For any strictly diagonally dominant matrix \(A\), each of the intermediate matrices \(A^{(k)}\) given by the naive Gaussan elimination algorithm is also strictly diagonally dominant, and so the final upper triangular matrix \(U\) is. In particular, all the diagonal elements \(a_{i,i}^{(k)}\) and \(u_{i,i}\) are non-zero, so no division by zero occurs in any of these algorithms, including the backward substitution solving for \(x\) in \(Ux = c\).

The corresponding fact also true if the matrix is column-wise strictly diagonally dominant: that property is also preserved at each stage in naive Guassian elimination.

Thus in each case the diagonal elements — the elements divided by in both row reduction and backward substitution — are in some sense safely away from zero.

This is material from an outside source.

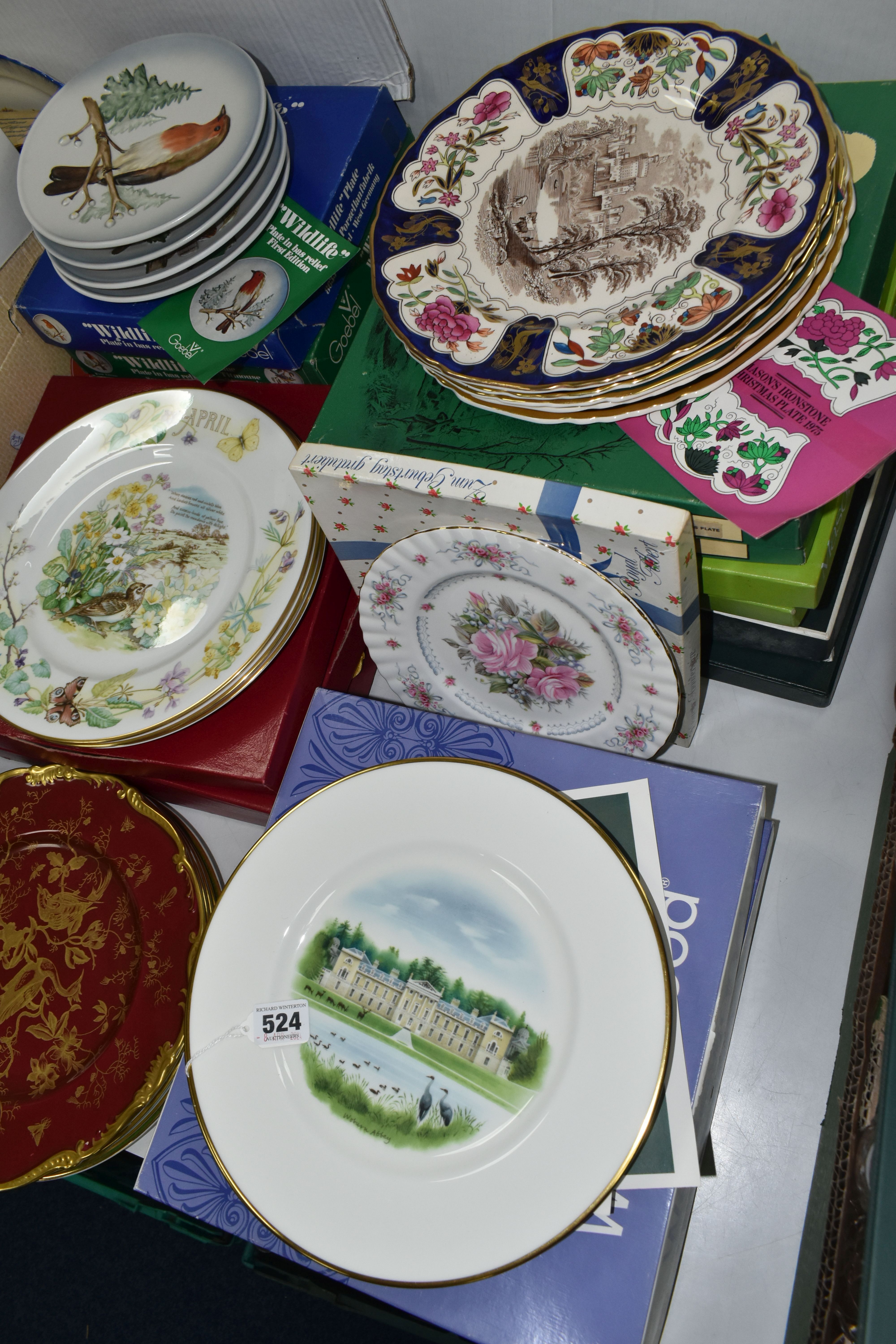 ONE BOX AND LOOSE ROYAL COMMEMORATIVE ITEMS AND COLLECTOR'S PLATES, to include two boxed wedgwood ' - Image 2 of 8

We will have more to say about this in the sections on Partial Pivoting and Solving Ax = b with LU factorization

For a column-wise SDD matrix, more is true: at stage \(k\), the diagonal dominance says that the pivot elemet on the diagonal, \(a_{k,k}^{(k-1)}\), is larger (in magnitude) than any of the elements \(a_{i,k}^{(k-1)}\) below it, so the multipliers \(l_{i,k}\) have

\[|l_{i,k}| = |a_{i,k}^{(k-1)}/a_{k,k}^{(k-1)}| < 1.\]

As we will see when we look at the effects of rounding error in Machine Numbers, Rounding Error and Error Propagation and Error bounds for linear algebra, condition numbers, matrix norms, etc., keeping intermediate value small is generally good for accuracy, so this is a nice feature.

Remark 3.11 (Positive definite matrices)

Another class of matrices for which naive Gaussian elimination works well is positive definite matrices which arise in any important situations; that property is in some sense more natural than diagonal dominance. However that topic will be left for later.